It doesn’t always need to be about equity or payment, Levine points out.
“This can be included in some arrangements but isn’t what will make your mentoring relationship go the distance. Mutual respect will,” he says.
Rowan says you also need to demonstrate to your mentor that their advice was meaningful.
“For instance, if they gave you advice and you incorporated it into your plan, show them the results,” she says.
“If you choose not to incorporate their advice, you better have a good reason for not doing it or else the mentor can feel like they are wasting their time.”
4. Getting the most out of one-on-one help
Dale says it’s up to the mentee – not the mentor – to “own the process” and “take care of all logistics” with regard to the arrangement.
“Everything should remain in-confidence unless formally agreed otherwise,” he says.
“Frequency depends on the agreed relationship, and any timelines for actions between meetings – actions received from the mentor are good, and should be expected.
“If they are not forthcoming then the mentor may not be a good fit.”
Rowan says it is also helpful to ask your mentor if you can shadow them.
“For instance, if you want to learn more about how they do their work, volunteer some of your time to help out at their work,” she says.
“For example, if you’re trying to understand agile product management, ask if you can sit in on a sprint planning session and offer to take note of new feature requests.
“Just observing how someone else works can be extremely valuable – participant observation is one of the easiest ways to gain insights into someone else’s life.”
5. Mistakes to avoid
Levine says it’s important not to bombard people and take advantage by calling all the time.

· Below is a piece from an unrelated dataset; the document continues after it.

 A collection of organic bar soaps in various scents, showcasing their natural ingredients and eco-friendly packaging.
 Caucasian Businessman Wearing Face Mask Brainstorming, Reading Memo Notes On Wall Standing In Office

“Build up your questions and ask them at once. By doing this, you will find many questions are similar in nature and likely lead to a broader discussion,” he says.
“Specifics about a person, employee or business transaction should be discussed with a specialist, i.e. an accountant or lawyer.
“Discussions with a mentor should be broader discussions and strategic in nature. These discussions should give you guidance, and support you as you establish and implement your unique modus operandi.”